= Compossibility =

Philosophical concept

Compossibility is a philosophical concept from Gottfried Wilhelm Leibniz. According to Leibniz, a complete individual thing (for example a person) is characterized by all its properties, and these determine its relations with other individuals. The existence of one individual may negate the possibility of the existence of another. A possible world is made up of individuals that are compossible—that is, individuals that can exist together.

==Compossibility and possible worlds==
Leibniz indicates that a world is a set of compossible things; i.e., that a world is a kind of collection of things that God could bring into existence. For Leibniz, not even God could bring into existence a world in which there is some contradiction among its members or their properties.

When Leibniz speaks of a possible world, he means a set of compossible, finite things that God could have brought into existence if he were not constrained by the goodness that is part of his nature. The actual world, on the other hand, is simply that set of finite things that is instantiated by God, because it is greatest in goodness, reality and perfection. Naturally, the fact that we are here experiencing this world—the actual world—means that there is at least one possible world. In Leibniz's view, there are an infinite number of possible worlds.

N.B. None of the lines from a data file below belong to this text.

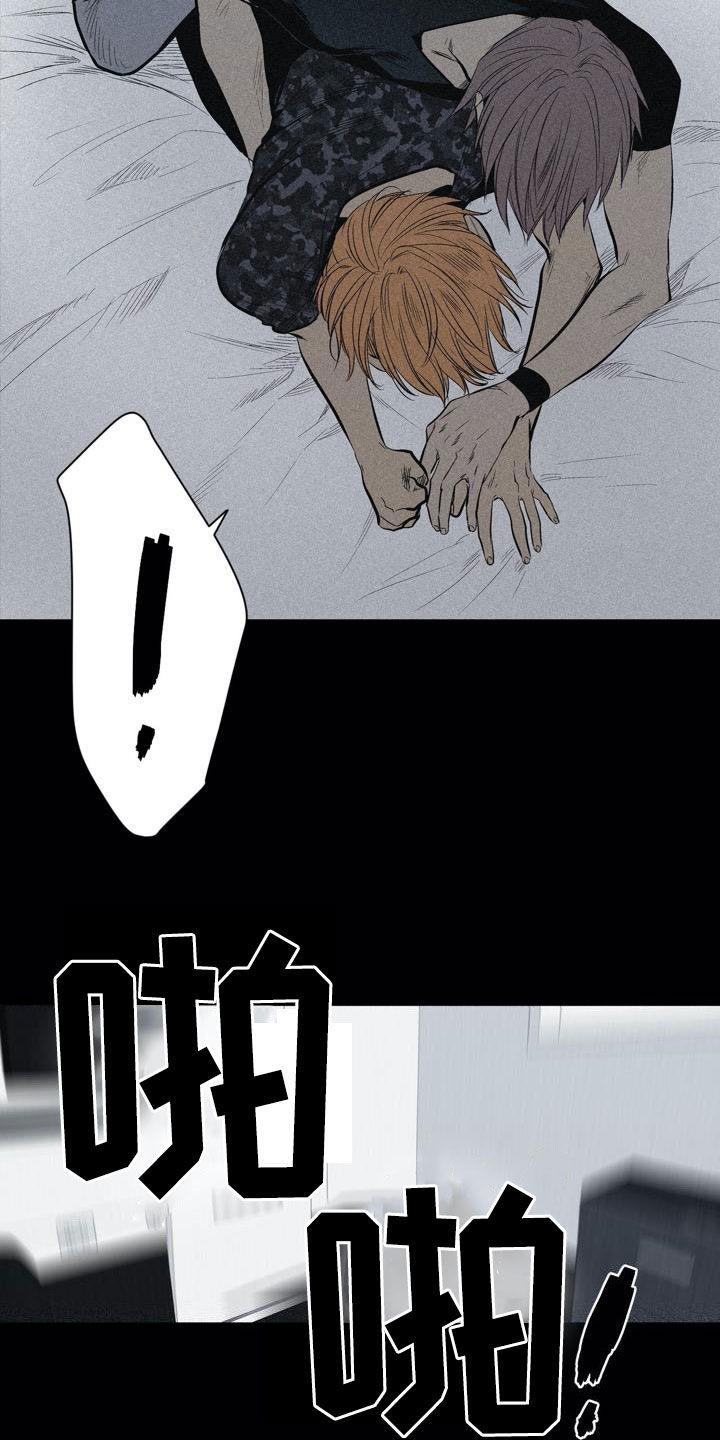 第101话10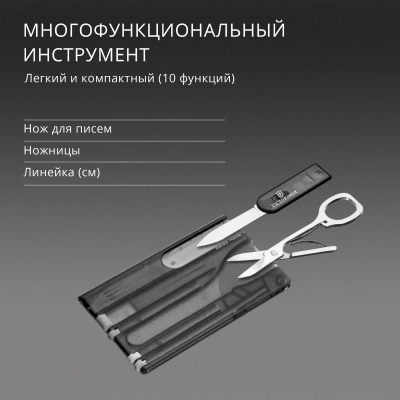 Швейцарская карта Victorinox SwissCard Classic (0.7133.T3) черный полупрозрачный коробка подарочная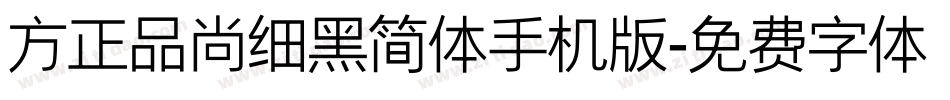 方正品尚细黑简体手机版字体转换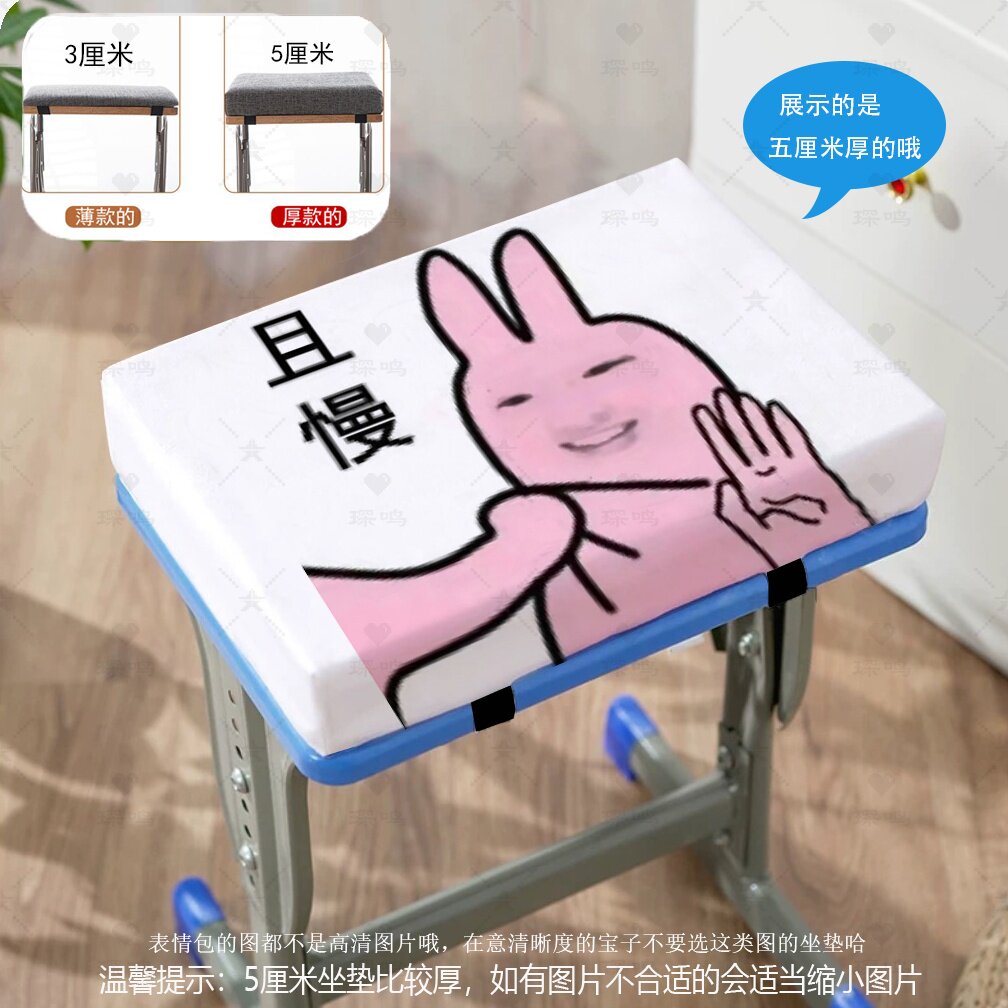学生教室椅子垫凳子垫可防滑定制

==Relevant works and influence==
Views on "compossibility" and the closely related best of all possible worlds argument are to be found in On the Ultimate Origination of Things, The Discourse in Metaphysics, On Freedom, and throughout his works. The term itself is found in The Philosophical Writings III [Die philosophischen Schriften III] when Leibniz writes to Louis Bourguet.

Alain Badiou borrows this concept in defining philosophy as the creation of a "space of compossibility" for heterogeneous truths.

Gilles Deleuze uses it in Cinema II taking support from Leibniz's explanation of the problem of future contingents.